Comme nous abordons un virage en épingle à cheveux, une pétarade retentit, loin derrière nous. Je sonde le défilé et découvre la lumière louvoyante d’un phare.
— Une péteuse, hein ? jubile Béru.
— On dirait.
Qu’aussitôt nous nous disposons en travers de la route, bras écartés, afin d’intercepter le motocycliste. Ce dernier surgit bientôt, tassé sur une machine qui ne doit pas sortir de l’usine si j’en juge à son bruit et au noir nuage qui lui tire-bouchonne au fion.
Nos deux silhouettes blanches le perplexent. Il ralentit un peu, mais ne s’arrête pas, prêt à mettre les gaz en cas de danger.
— Hep ! señor ! lui crié-je, nous sommes en panne, pouvez-vous nous envoyer un garagiste ?
Rassuré, il stoppe.
— Où est votre voiture ? demande-t-il.
— Dans le virage.
— Et que faut-il faire ?
— Rien, dis-je en lui balançant un crochet à la pointe extrême du menton.

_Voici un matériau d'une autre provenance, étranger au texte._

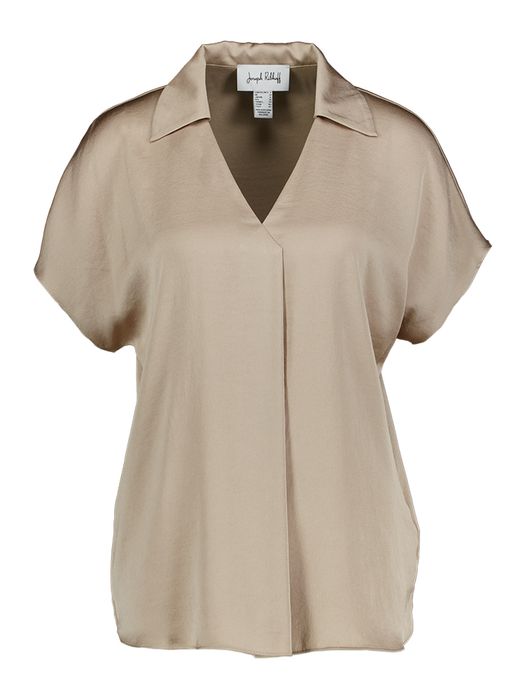 Beige bloes met polo kraag Joseph Ribkoff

Bérurier qui sait tout, comprend tout, prévoit tout, retenait déjà la vieille moto. Le conducteur, un génaire du genre manar, avec une espèce de boîte à outils sur le porte-bagages, s’écroule sur son guidon. Je l’arrache à sa monture et vais le déposer de l’autre côté du talus. Après quoi, je tire de mes vagues une liasse de pesetas, fais une rapide surestimation de son bolide de merde et lui fourre la comptée entre ses doigts aussi ibériques que calleux. De toute façon, il la retrouvera, sa fougueuse.